Opinion - There's plenty to like about this World Cup squad.
It was telling that the majority of questions today launched at Steve Hansen weren't about the players who were in his 31-man World Cup squad, rather the ones that weren't. Yes, the dropping of Owen Franks is a bit of a shock.
The explanation around just whether Liam Squire is keen to play was confusing at best, and you have to feel that Ngani Laumape couldn't really have done much more to push an ultimately fruitless case.
But today, in the suitably darkened changing rooms of Eden Park, we got to finally confirm the men that will head to Japan in just under a fortnight's time to defend the World Cup.
All Black jerseys adorned the deep cubicles that the players sat in after the last time they played, content to sip from the Bledisloe Cup and look forward to whether they'd hear their name read for the trip to Japan. The surroundings were a lot more low key than the last World Cup squad naming four years ago.
That took place at Parliament and had the patronage of the then-Prime Minister.
Jacinda Ardern was admittedly on hand two Saturdays ago to hand over the Bledisloe Cup, but clearly NZ Rugby decided that an official government touch wasn't required this time around.
Even though in the end, the squad was pretty predictable, this was the most anticipation for a team naming in quite a while. As the names were read out, we waited as it went Read, Retallick, Savea, Smith, Smith ... then Ta'avao. There was a bit of a gasp.
Squire isn't going after all, despite reports to the contrary earlier in the week and some stunning form for Tasman in the Mitre 10 Cup. Hansen clarified that Squire is keen, but will only be used as a replacement if needed, so there's a story there but one that we're unlikely to get to the bottom of for a while yet probably.
Mobility was the key in Franks' exclusion, which means that the long-standing joke about him never scoring a try in an All Black jersey is actually now an accurate reflection on why he's on the outer. Joe Moody, who came out of nowhere to play a big role in the last World Cup campaign, now finds himself the most experienced prop with 40 caps.
Speaking of experience, there's the case of Luke Jacobson.
The Chiefs man has timed his run pretty much perfectly, shining in Super Rugby and doing more than Vaea Fifita and Shannon Frizell during the Rugby Championship.
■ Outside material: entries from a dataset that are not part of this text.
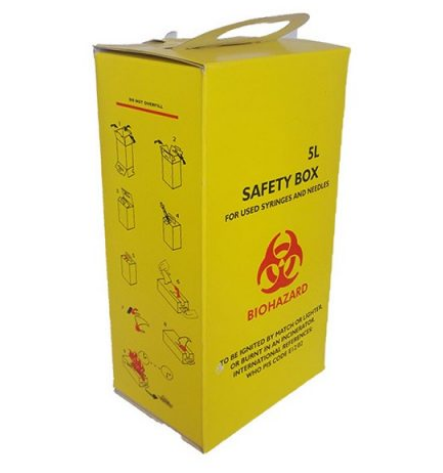 Безбедносна кутија од 5 L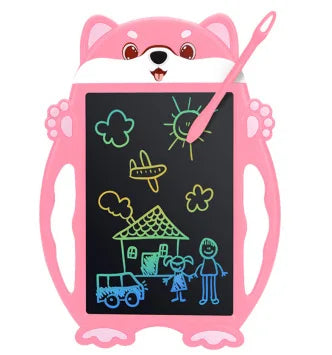 HKM-600979 Dinosaur-Themed 8.5-Inch LCD Writing Tablet for Kids - Educational Drawing Board Gift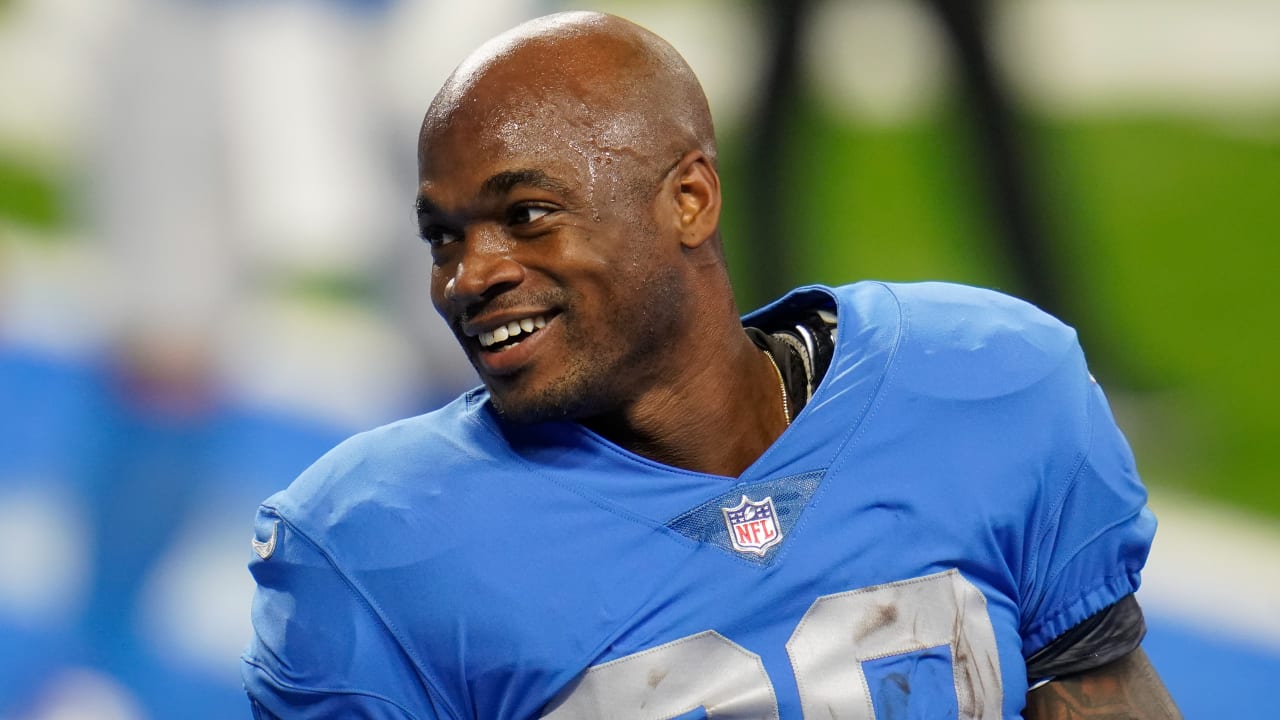 Adrian Peterson: Tennessee Titans running back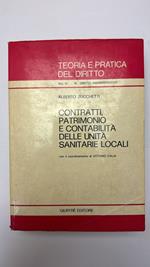 Contratti, patrimonio e contabilità delle unità sanitarie locali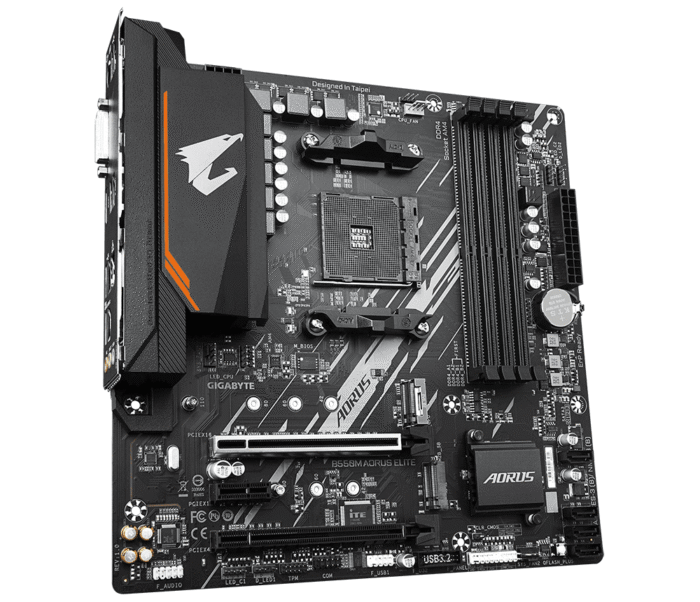 Дънна платка GIGABYTE B550M AORUS ELITE, Socket AM4 - Image 3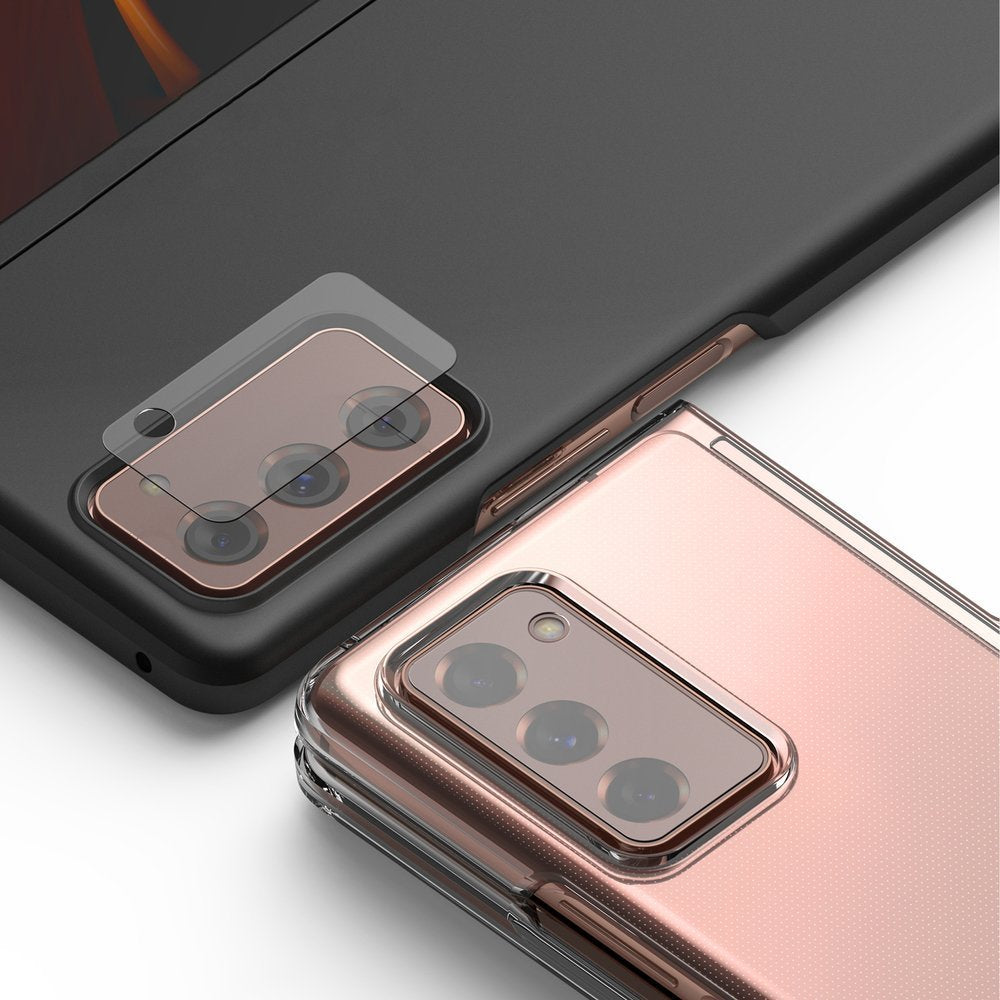 Удароустойчив Протектор за Камерата на Samsung Z Fold 2, Ringke Flexy Cam Glass, Прозрачен (2)
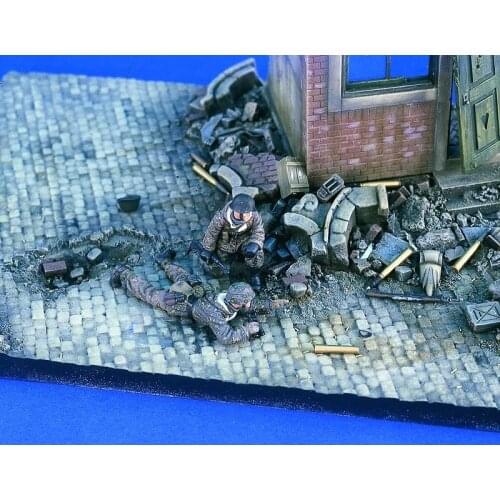 1/35 model kit resin kit investigation, World War II 11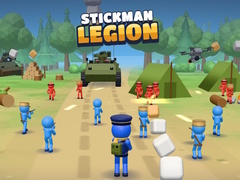 Cluiche Stickman Legion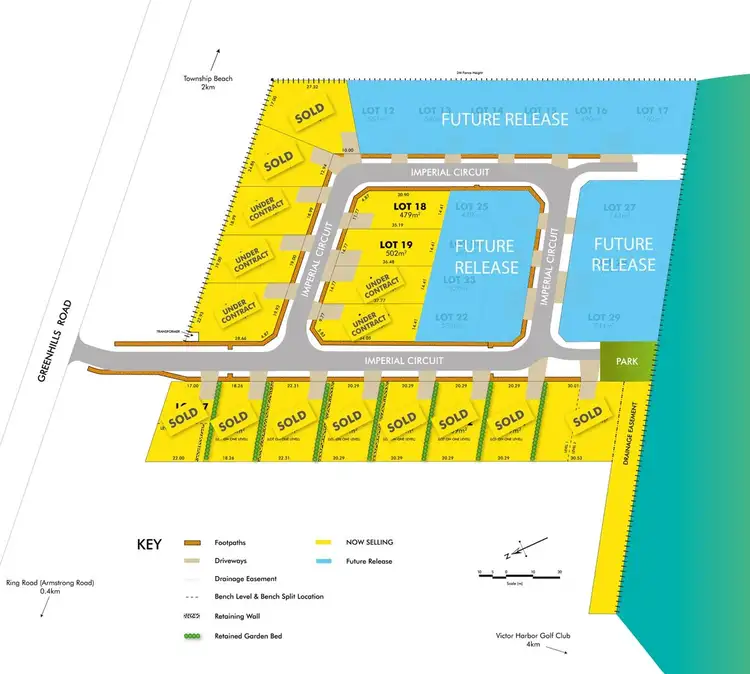 Floorplan of Homely land listing, Lot 20 Imperial Circuit, Victor Harbor SA 5211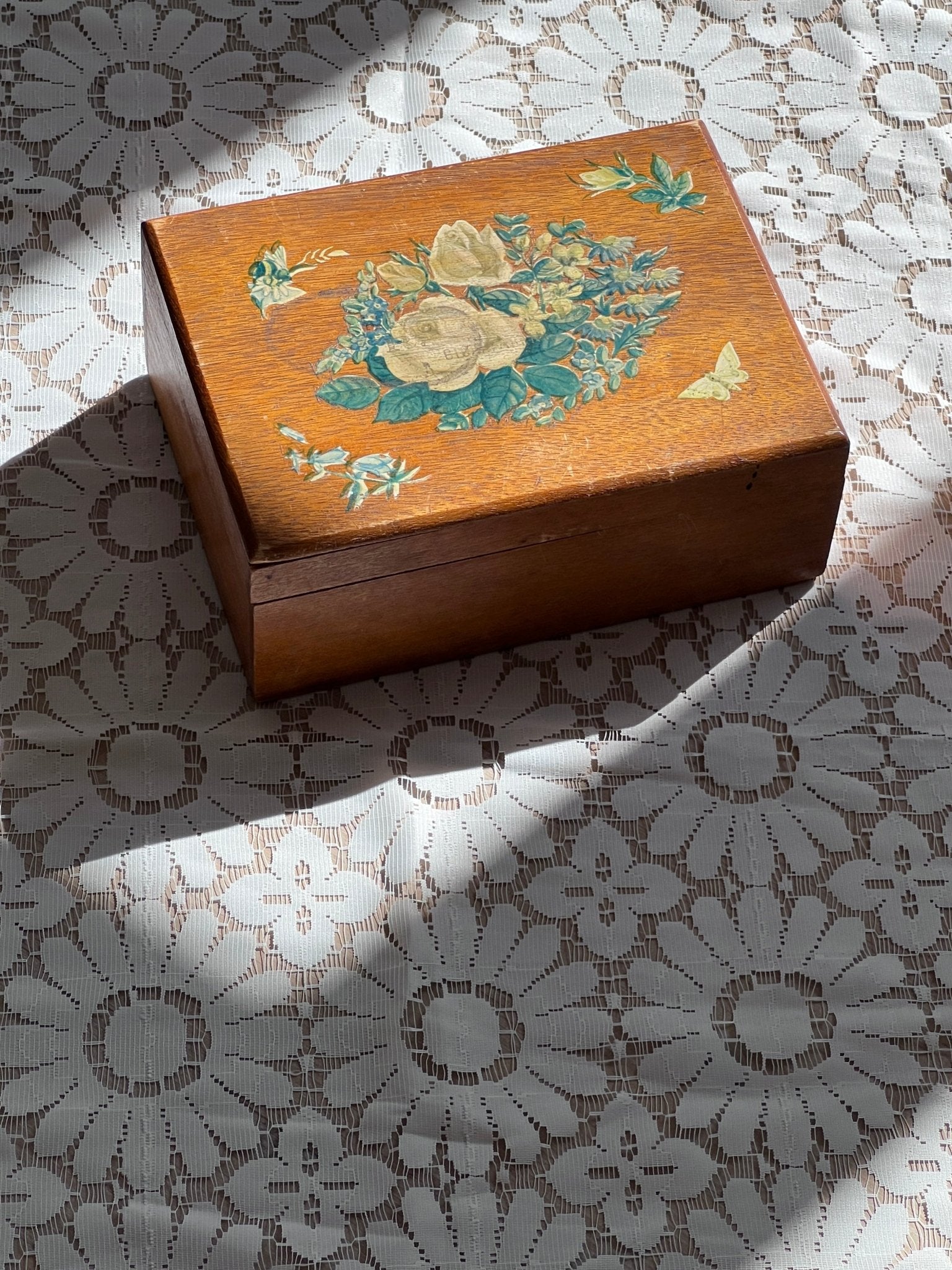 Old cigar box - NEROLI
It's highly likely that Ardie Savea and Sam Cane will start at flanker for the big games, but Jacobson will probably end up with a decent workload by the end of the tournament.
Laumape is the unlucky one, but really injury was going to be the only thing keeping Sonny Bill Williams out of the team.
The last Bledisloe Cup game showed just how important he is for the All Blacks' game-plan, plus Ryan Crotty providing Hansen's backup plan means there's no place for the former Warrior. He can look forward to the next one, though, because neither Williams nor Crotty will be in his way in four years' time.
The three Barrett brothers will play their part in the campaign, with Jordie confirmed as a potential emergency replacement at first five.
More likely, he's there to send over any crucial goals that are out of Beauden's or Richie Mo'unga's range when things start to get tight.
George Bridge and Sevu Reece are the double excitement package out wide.
Remember, four years ago Nehe Milner-Skudder was just some guy who had played a bit of league for the Bulldogs at the start of the Super Rugby season, then went on to score a try in the World Cup final. While both Bridge and Reece came into 2019 with slightly more established reputations, it would be some tale if either of them cemented themselves as All Black strike weapons by the end of the tournament.
So there it is, Aotearoa. The squad that will carry our hopes across the Pacific and hopefully return with the World Cup. All the conjecture can stop now, as we await the first whistle in Yokohama.